UPDATE 2-Mizuho in $127.5 mln deal to settle SEC case
* SEC: Mizuho sought to bolster credit-rating on toxic deal
* Mizuho provided S&P with inaccurate data for CDO rating
* Three former Mizuho staffers; collateral manager charged
* All defendants settle SEC charges
* Case stems from 2007-2009 financial crisis
By Sarah N. Lynch and Aruna Viswanatha
WASHINGTON July 18 (Reuters) - Mizuho Financial Group Inc settled civil charges its U.S. unit obtained false credit ratings on a 2007 mortgage bond deal stuffed with subprime assets, in the latest case to come out of the financial crisis.
The U.S. Securities and Exchange Commission's lawsuit charged Mizuho Securities USA Inc of using "dummy assets" in a complex product better known as a "CDO" in order to obtain rosier ratings from agencies including McGraw Hill's Standard & Poor's.
CDOS are bundles of securitized mortgages. Leading up to the financial crisis, many of the mortgage-backed assets included in the CDOS consisted of subprime loans that later soured.
The $1.6 billion CDO at the heart of the SEC's case, known as "Delphinus," was highlighted in a report issued by a Senate investigative panel last year as an example of how poorly rated structured products helped fuel the financial crisis.
The SEC also charged three Mizuho employees who structured the deal with misleading the rating agencies. The regulators also charged Delaware Asset Advisers, which acted as collateral manager for the deal as well as another person who served as DAA's portfolio manager.
Everyone agreed to settle without admitting or denying the charges.
The SEC's settlement with Mizuho calls for a $115 million civil penalty, the disgorgement of $10 million of fees, and the payment of $2.5 million of interest. Mizuho did not admit or deny the SEC charges in agreeing to settle.
"Mizuho cooperated fully with the SEC throughout this process. The firm agreed to the settlement to avoid protracted litigation and distraction and believes the settlement is the right outcome for its shareholders, clients and employees," the company said in a statement.

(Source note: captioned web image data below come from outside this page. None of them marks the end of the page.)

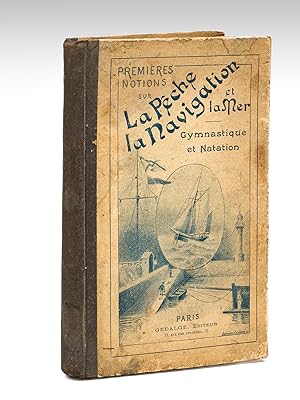 Premières Notions sur la Pêche, la Navigation et la Mer. Gymnastique et Navigation. Notions éléme...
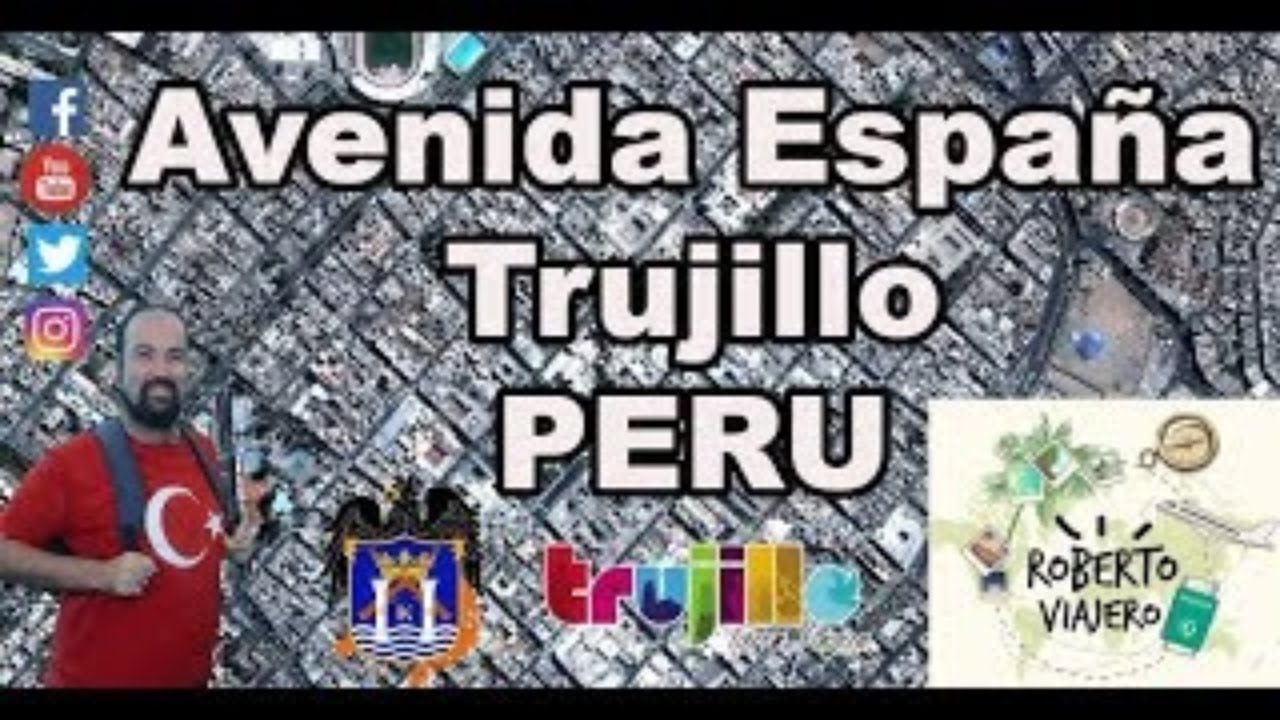 Así es la Avenida España en la ciudad de Trujillo, Perú (2019)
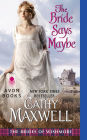 The Bride Says Maybe (Brides of Wishmore Series #2)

The SEC has brought a number of high-profile cases against banks involving CDOs since the financial crisis, including Goldman Sachs and Citigroup.
This case, however, marks the first time the SEC has charged a bank in connection with its employees trying to a ffect the outcome of a credit-rating.
The other cases, by contrast, involved instances in which clients or the bank itself actively participated in selecting the mortgage assets underlying the CDO in order to bet against it.
The settlement with Mizuho still requires court approval, and has been assigned to U.S. District Judge Ronnie Abrams in Manhattan.
The SEC alleges that when Standard & Poor's changed its rating criteria for CDOs, Mizuho employees realized the deal could not get the rating it needed. They then submitted a portfolio containing millions of dollars in dummy assets that inaccurately reflected the collateral.
S&P rated the CDO based on the misleading information, the SEC said, and Mizuho sold the notes to investors. Delphinus later defaulted in 2008 and was liquidated in 2010.
In September, S&P disclosed that the SEC might charge the company in connection with its rating of the Delphinus CDO.
An S&P spokesman declined to comment on Wednesday's case against Mizuho. The SEC said the investigation is ongoing.
The three Mizuho employees who settled were: Alexander Rekeda, who led the group that structured the CDO; Xavier Capdepon, who modeled the CDO for rating agencies; and Gwen Snorteland, the transaction manager responsible for structuring and closing the CDO.
Rekeda and Capdepon will each pay $125,000. A penalty will be decided at a later date for Snorteland.
The SEC also charged Delaware Asset Advisers, the firm that served as the collateral manager for the deal, as well as DAA's portfolio manager Wei (Alex) Wei.
DAA agreed to settle and pay about $4.8 million in disgorgement, penalties and interest. Wei will pay $50,000. He is also suspended from associating with an investment advisory firm for six months.
Attorneys for the company and Wei did not immediately respond to a request for comment.